What is Marketing Automation?
You've heard about it, you know plenty of marketers are infatuated with it, but at the end of the day, what is marketing automation?
Marketing automation refers to the software that exists with the goal of automating marketing actions. Many marketing departments have to automate repetitive tasks such as emails, social media, and other website actions. The technology of marketing automation makes these tasks easier.
THE IDEAL
At its best, marketing automation is a combination of CRM software and tactics that allow companies to buy and sell like Amazon -- that is, to nurture prospects with highly personalized, useful content that helps convert prospects to customers and turn customers into delighted customers. This type of marketing automation typically generates significant new revenue for companies, and provides an excellent return on the investment required.
Though it's not the easiest marketing initiative to execute on, marketing automation is certainly not impossible. Imagine you're trying to grow a plant. First you need fertile soil ripe for the growth of your plant. Next you need seeds themselves to care for, and last you need water and light in order to nurture those seeds into a lush, blooming plant. It's not foolproof, but it's not impossible. In our story, effective marketing automation looks just like nurturing this plant does. At the end of the day, we hope we've nurtured our leads (the seedlings) well enough to produce actual paying customers (a lush, full-grown plant).
THE REALITY
However, the term “marketing automation” has become a buzz-word, where marketers seek out marketing automation software under the impression that all of the digital marketing tools necessary for growth, including those needed to generate new leads, roll up under the hood of marketing automation. This misconception leaves many marketers with sophisticated tools to automate the middle of their funnel, but no solution to generating new leads to nurture in the first place.

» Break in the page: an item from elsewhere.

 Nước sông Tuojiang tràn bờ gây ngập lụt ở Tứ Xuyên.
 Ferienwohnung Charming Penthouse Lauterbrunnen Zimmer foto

The consequence is that marketers begin buying lists of email addresses to nurture instead of generating inbound leads. While it seems like a quick fix, it's not a long-term solution, nor does it create the fertile ground for a healthier, longer relationship with your future customers. In our plant analogy, it's sort of like using artificial chemicals or enhancers to make your plant grow faster. Sure, it seems like a good, quick fix--but it doesn't set you up for future, long-term success. While it's definitely the easier route, it doesn't set you up for long term success.
New research shows that as a result, many marketing automation investments fail.
Why Does Marketing Automation Fall Short?
When there’s no top-of-the-funnel foundation put in place to support middle of the funnel marketing automation. Many marketers invest in marketing automation before they have fertile ground for advanced lead nurturing campaigns to blossom. Marketers won’t have the ingredients they need for effective marketing automation until they have both a steady flow of organic leads coming through the funnel. Too many marketers without inbound lead generation strategies spend their time figuring out how to take the tiny fraction of the market they already have in their database as leads and squeeze more out of them. While they’re doing that, their competition is figuring out how to get more out of the 99.99% of the market that’s still out there. Do you have all the existing leads needed to hit your revenue goals in your database already? Are you getting your fair share of the available market?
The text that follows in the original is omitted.